** Opening Dataset records block **

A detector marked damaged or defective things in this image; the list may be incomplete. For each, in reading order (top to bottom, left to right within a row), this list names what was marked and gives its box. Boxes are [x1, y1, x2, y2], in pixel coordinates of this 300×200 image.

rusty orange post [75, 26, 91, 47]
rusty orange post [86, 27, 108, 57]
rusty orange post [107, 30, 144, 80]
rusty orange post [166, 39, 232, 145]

** Closing Dataset records block **

Transcribe each entry exactly.

- **Solution for this task**:
A detector marked damaged or defective things in this image; the list may be incomplete. For each, in reading order (top to bottom, left to right within a row), this list names what was marked and gives its box. Boxes are [x1, y1, x2, y2], in pixel coordinates of this 300×200 image.

rusty orange post [75, 26, 91, 47]
rusty orange post [86, 27, 108, 57]
rusty orange post [107, 30, 144, 80]
rusty orange post [166, 39, 232, 145]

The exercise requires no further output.